It was the Sun that first began investigating the deal, which came under scrutiny because the UMMS had other business contracts pending with Baltimore.
The books keep appearing at the book bank, but no one knows why.
Pugh’s attorney, Steve Silverman, told the Sun that the former mayor wasn’t sending the trash bags full of books to the book bank.
“No one associated with Healthy Holly LLC or Catherine Pugh has any knowledge that this is occurring, and if true, who is doing this and the source of the supply of books,” he told the outlet on Tuesday.
Pugh had said the books were supposed to go to Baltimore City Public Schools, but officials told the Sun they never asked for the books and hadn’t received a recent installment.
The people who run the book bank are stumped.
The other interesting part of the equation is that children have no interest in the books, according to Crout.
“It’s like they have a nose for the fact that they’re crap,” she told the Sun.
But there are people who do want the books.
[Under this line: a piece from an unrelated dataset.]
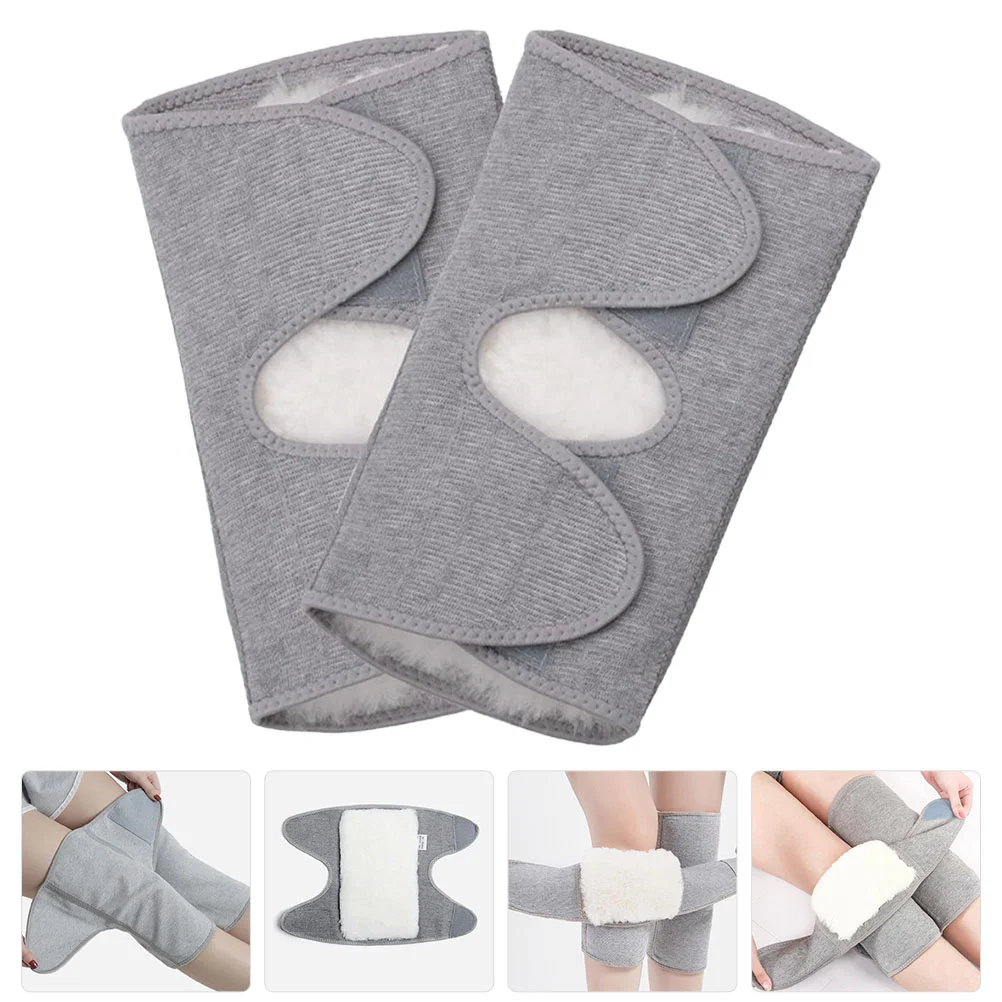 1 Pair Daily Use Comfortable Portable Knee Knee Support Knee Protector Knee Sleeve for Warm Men
1 Pair Daily Use Comfortable Portable Knee Knee Support Knee Protector Knee Sleeve for Warm Men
Mark Feiring, the book bank’s executive director, told the Sun that journalists have been asking for the books, and one person wanted to buy a complete set of the series for $500, all of which he declined.
“We don’t sell kids’ books at all. We just put them out there for people to take,” Feiring told the outlet. He added that adults come into the book bank and laugh at the book and take pictures of it when they’re put on the shelves.
Even before the Sun’s reporting on the scandal, large quantities of the books were appearing at the book bank. Feiring told the outlet that a couple boxes of about 50 to 75 books had appeared earlier this year.
The book bank seems to be taking the situation in stride. Feiring said he even had one of the books sitting on his desk.
With so many books showing up – and realizing the ingenuity of the American people – one has to wonder what other uses people may find for the former mayor’s failed enterprise.